Unemployment in UK increasing rapidly

Unemployment in UK increasing rapidly

Bloomberg
Unemployment in Britain rose at the fastest pace since at least 1971 in February, deepening the plight of Prime Minister Gordon Brown as national elections loom.

The number of people receiving unemployment benefits increased 138,400 to 1.39 million, the Office for National Statistics said yesterday.

A broader measure of unemployment climbed above 2 million for the first time since 1997 and incomes grew at the slowest pace since at least 1991.

With 15 months before he has to hold an election, Brown is losing support as companies from automakers to retailers eliminate jobs to reduce costs. The Bank of England this month cut the benchmark interest rate to almost zero and began pumping printed money into an economy facing its worst recession in least three decades.

Unemployment "can easily go above 3 million within a year," said George Buckley, chief U.K. economist at Deutsche Bank in London. "It's going to come at a very bad time for the government, when they're trying to get re-elected. The risk is also that we will have a further downward spiral, with this affecting consumption and then leading to further job losses."

Thousands of jobs cuts at companies from Ford Motor and GKN to Vodafone Group have taken unemployment to the highest level since the ruling Labour Party took office 12 years ago. Some including Toyota Motor are trying to avoid layoffs by reducing working hours and basic pay at U.K. factories.

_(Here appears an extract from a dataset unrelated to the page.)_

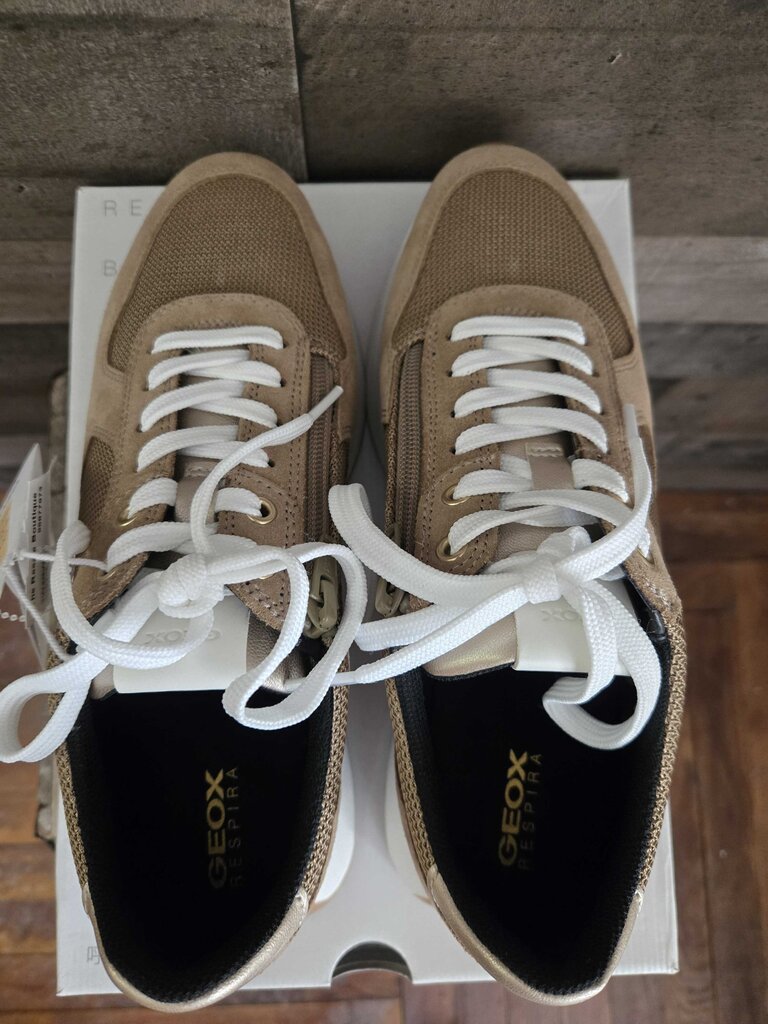 GEOX D AMABEL A SUEDE SHOES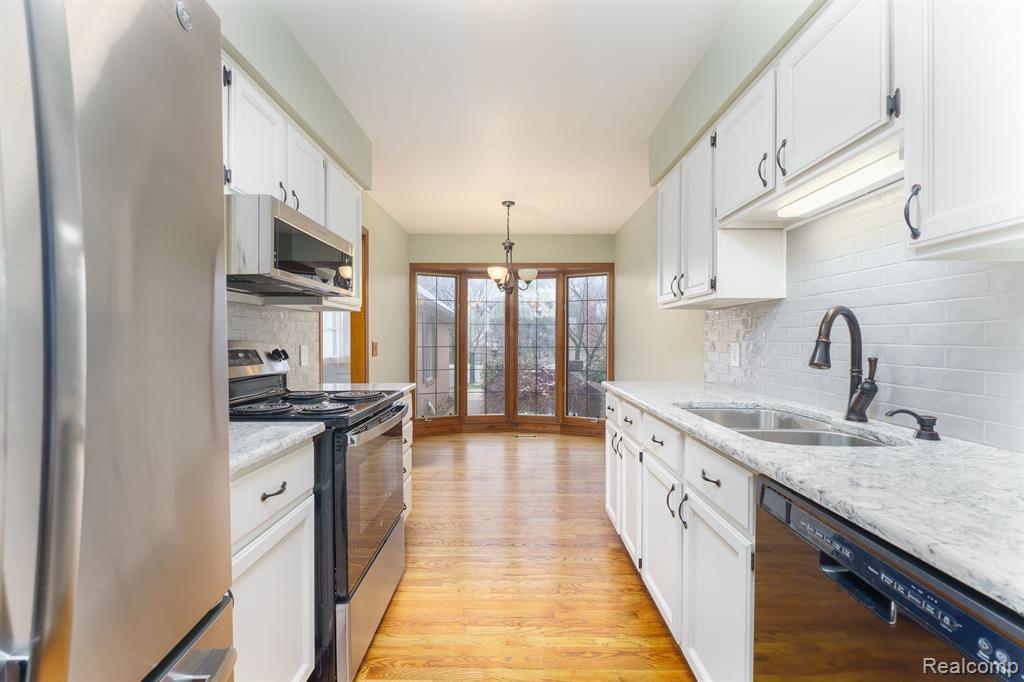 4584 GOLF VIEW Drive, Brighton, MI 48116 — Photo 8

With the Confederation of British Industry expecting joblessness to breach 3 million by June 2010, Brown faces the prospect of fighting the next election with one in 10 people of employment age out of work, a rate last seen in the early 1990s.

Brown has until June 2010 to hold the election, and recent opinion polls give the Conservatives, led by David Cameron, a lead of as much as 16 points over Labour. Brown narrowed the gap with the opposition party to as little as one point in December.

Claimant unemployment rose for a 13th month in February, the longest stretch since the 16-month period to June 2006. The increase in January was revised to 93,500 from 73,800. The jobless rate rose to 4.3 percent in February, the most since March 1999, from 3.9 percent in January.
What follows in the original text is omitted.